COS60009 Data Management For The Big Data Age

The aim of this assignment is to develop skills to use XML and JSON to design and query semi-structured data, and to evaluate the difference between document- based NoSQL databases and SQL databases. It also requires students to research the availability of on-line tools, and to use these effectively.

Task 1: XML And DTD

Data structured according to the relational model is most obviously managed using a relational database management system, and maintained using SQL, which is used both for querying the data and for managing the evolution of the data. Such data can also be represented, textually, by using XML, which allows for the expression of both the structure of the data and of constraints in the data. The data for the management of projects undertaken by a company is described below, in relational terms.

The database is part of a company information system, and contains four tables; Department describing the departments of the company, Project describing the projects within the departments, Employee containing information about employees within the company, and Assign describing employees’ involvement in projects. The schema for each of the tables is shown below, with the primary key attributes underlined, the foreign key attributes in italic font, and some more information about each table.

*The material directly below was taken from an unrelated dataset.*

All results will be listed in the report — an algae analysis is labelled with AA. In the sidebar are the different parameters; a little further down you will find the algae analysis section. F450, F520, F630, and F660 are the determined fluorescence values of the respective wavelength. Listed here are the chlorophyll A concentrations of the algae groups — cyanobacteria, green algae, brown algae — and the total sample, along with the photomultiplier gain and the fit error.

Save your time - order a paper!

Get your paper written from scratch within the tight deadline. Our service is a reliable solution to all your troubles. Place an order on any task and we will take care of it. You won’t have to worry about the quality and deadlines

Order Paper Now
Department (DID, DNAME, LOCATION)
  The company has several departments identified by
  DID. Each department has a name (DNAME) and a
  location (LOCATION)
Project (PID, PNAME, BUDGET, DID)
  Each project has an identifier PID, a name (PNAME), a
  budget (BUDGET) and belongs to a department which
  is in the Department table.
Employee (EID, ENAME, OFFICE, BIRTHDATE, SALARY,
  DID)
  Each employee has an identifier EID, a name
  (ENAME), an office room (OFFICE), a birth date
  (BIRTHDATE), a salary (SALARY) and belongs to a
  department which is in the department table.
© Swinburne University of Technology 24/09/19

Assign (PID, EID, HOURS)

Each employee may be assigned to one or more projects that belong to the same department as the employee. Each project has one or more employees. The number of hours the employee has worked on the project is recorded.

The domains for each of the attributes are:

Task 2:

You are required to do the following.

2.1 Design a proper DTD called company.dtd to express the structure of the above relational database schema. The valid XML documents under this DTD must have a tree structure with as much nesting as possible. The DTD must also capture all the primary key and foreign key constraints.

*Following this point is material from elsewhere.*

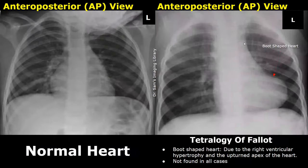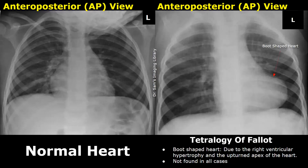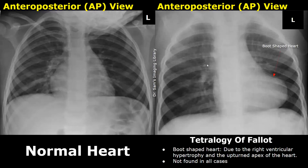Tetralogy of Fallot is a congenital heart defect consisting of ventricular septal defect, right ventricular hypertrophy, overriding aorta, and right ventricular outflow tract obstruction. On X-ray a boot-shaped heart can be seen in such patients — both these images are AP views in a child showing a boot-shaped heart due to right ventricular hypertrophy, though this feature is not seen in all cases.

2.2 Populate an XML document called company.xml with data, by referring company.dtd. It has at least 2 departments. Each department has at least 2 projects and 3 employees. Each project has at least 2 employees in the same department working on it, and each employee works for at least 1 project. You are required to use company.dtd to validate company.xml externally, using the Apache Xerces validate tool. The domains for all attributes described above should be used for the values of attributes. You should run the validator, and capture the output for submission.

Task 3: XPath And JSON

In an SQL database, the Structured Query Language is used to interrogate the data, allowing for the development of complex queries. One of the tools available to interrogate data presented in an XML format is XPath. (You might like to investigate the W3Schools Tutorial on XPath: https://www.w3schools.com/xml/xpath_intro.asp to strengthen your knowledge of XPath.)

In this question, you are required to write XPath expressions that will extract data from an XML database according to some queries. You should develop the queries, and, using an on-line XPath tool (which you should discover yourself via internet search), you should capture the results of applying the XPath expressions you write to the provided data. In your answer, you should identify the tool used (ie, provide the url), and you should include a capture of the output of running each query.

3.1 For the XML document units.xml shown in 3.3 below, which specifies details of units of study in a college, write the XPath expressions for the following queries.

  1. Find the titles of all units.
  2. Find the unitID of all units with “James” as an instructor.
  3. Find titles for those units with “yes” in attribute reqof credits.
  4. Find titles for those units with more than one instructor.

3.2 XML and JSON can both be used to represent structured data in text format. It is generally possible to translate between these formats using software tools. In this exercise you should use the XML document units.xml shown below to illustrate this by converting to JSON format.